At first glance, SHe seems to be a movie of feminist power. Yet at a deeper level, it is a story about individualism. How one person overcomes the hardships of her reality to climb to the top of the food chain, ruling over all. It is a cyclical story where one’s triumph is another’s downfall. There is no sympathy for the collective, and no empathy for her own gender, only her goal of survival to live another day for her daughter so she can return to raise her up. Zhou throws in a twist ending, leaving the storyline open but realistic in its depiction of the world we live in.

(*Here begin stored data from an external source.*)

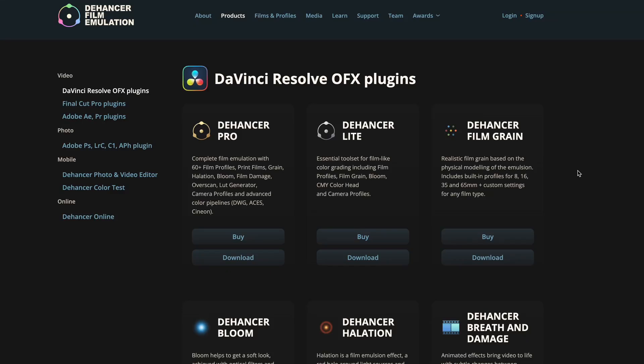Hi guys! In this short video I will show you how to install the Dehancer plugin in DaVinci Resolve.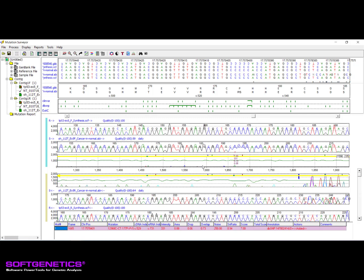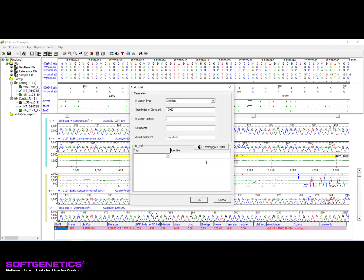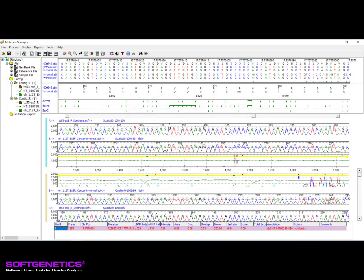To add a homozygous indel, hold the Control keyboard button and then use the left mouse button to click on the mobility line that runs along the middle of the mutation trace at the location at which you would like to add the indel event. Using the dialog that opens, add your desired call and any custom annotation and click OK. This will result in the addition of the indel event.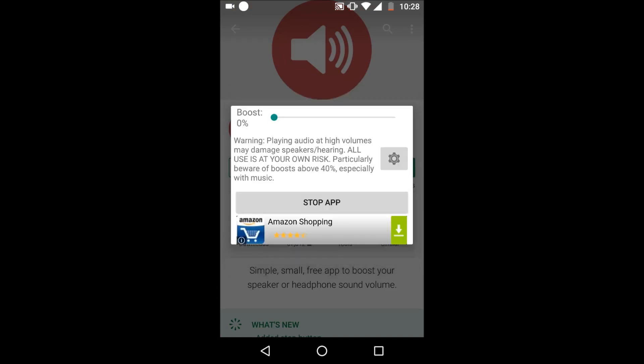It comes up once you open it with a warning, and then that's literally it - that is the app. You can just change the boost.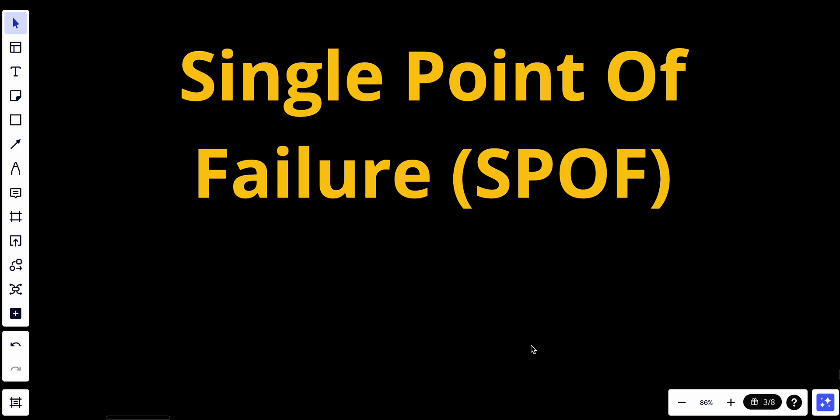Hey YouTube, welcome back. Today we talk about single point of failure. A single point of failure in a distributed system is a component or part of the system that, if it fails, can cause the entire system to become unavailable or malfunction. In other words, it's a critical component that if compromised can lead to a system-wide outage. Single points of failure are a significant concern in distributed systems because they undermine the system's reliability and fault tolerance.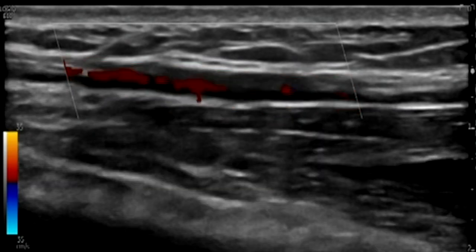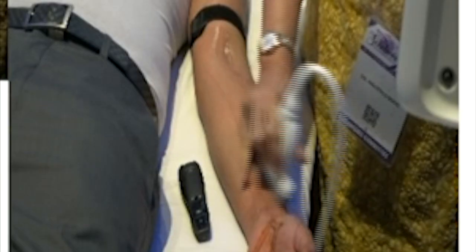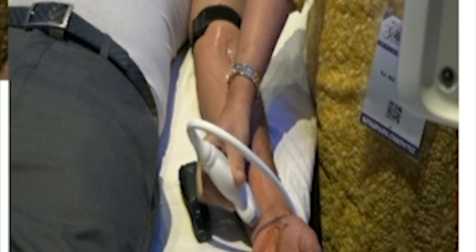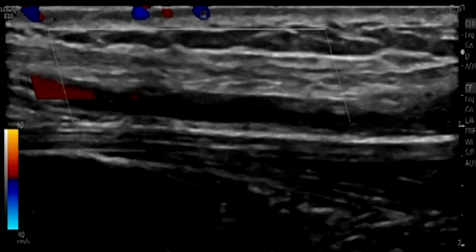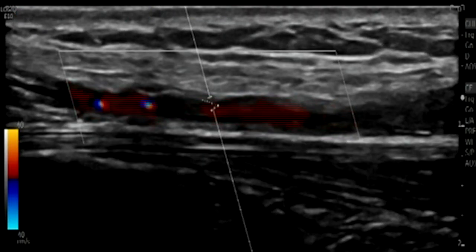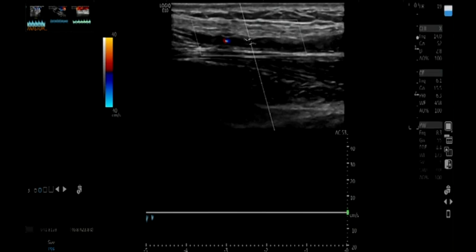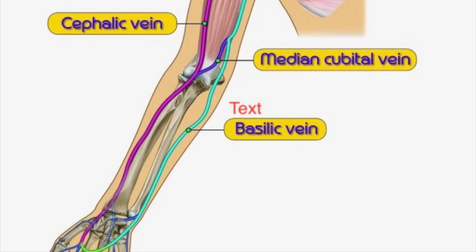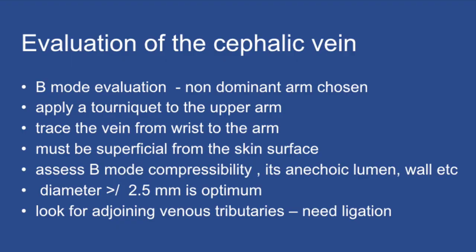After these two tests confirm there is no distal vascular compromise, it is also prudent to sample the ulnar artery. Once the radial is given away for the fistula, you need to confirm the ulnar artery is also providing good flow. The ulnar artery evaluation is done here and is normal.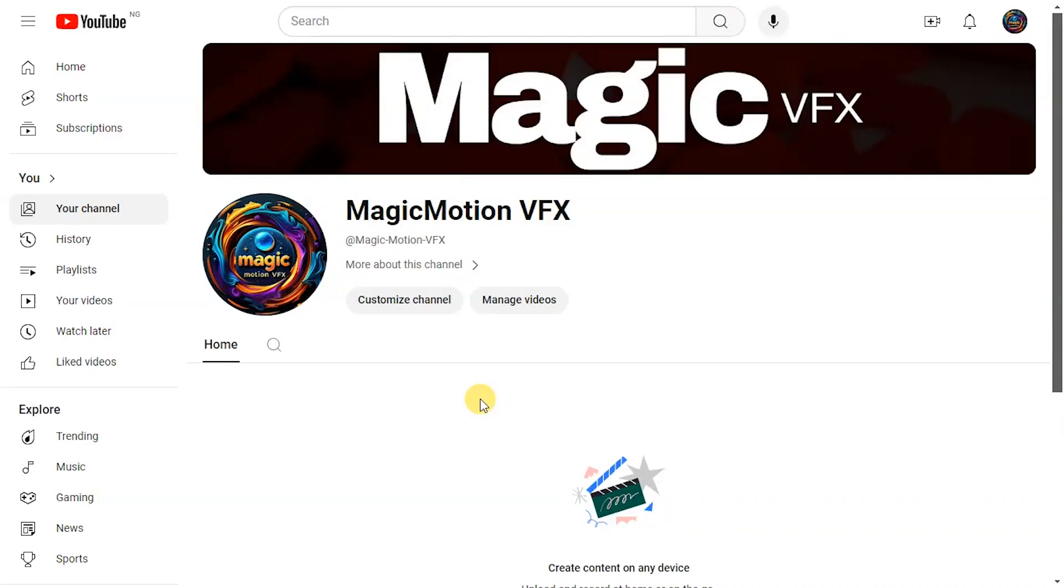What's up people, I welcome you to my brand new channel. This channel is dedicated to 3D motion graphics and VFX. Make sure you like, subscribe, and share this video so that you're going to grow in no time. This is going to be my first video and I'm taking my time to make sure I made a very dope video.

The genius of this movie comes from Zhou’s artisty. SHe is a macabre piece of artwork filled with vivid and graphic imagery. Zhou managed to take every day pieces and transformed them into living creatures living in a dark world. Add on the strong symbolism through colour, SHe is a picture of the grotesque. Watching the movie is an uncomfortable experience; knowing that simple everyday items are representative of the inhumanity seen in the underbellies of the world we know. Something as simple as a red high heel holds so much meaning and represents a lot, it is not happenstance that Zhou chose it to represent the female. Red is a fierce colour and often represents danger when combined with a woman. It is no surprise then that the high heel will ultimately succeed to rise above all. Contrast the male shoe –represented by a black loafer. A plain working shoe, ever so common, it dominates the workplace and has become comfortable and complacent in the world they exist in. It is no wonder that the red high heel comes out triumphant.
What I love about the movie is that the seemingly abstract is rooted in imagery we are familiar with, or can understand because on some level, we see how the darker side of the world operates. One motif that underlines the movie is that of the colour green and growth. Plants are representative of growth, and flowers that of femininity and fertility. Zhou manages to take this a step further and uses this motif as a source of power for the red high heel. It is associated with her life and her will to fight on for her daughter. Green plants become a way to overtake the factory and leads to her eventual triumph, yet it is not a glorious victory, but one that allows her daughter’s life to carry on.
SHe is filled with so much rich imagery and depictions; it is an overwhelming film that will leave you questioning the world we live in. In its macabre scenes and pictures of the grotesque, Zhou’s debut film will leave you unsettled, but morbidly appreciative of his artistry. SHe is not for the faint of heart but will leave a lasting impression.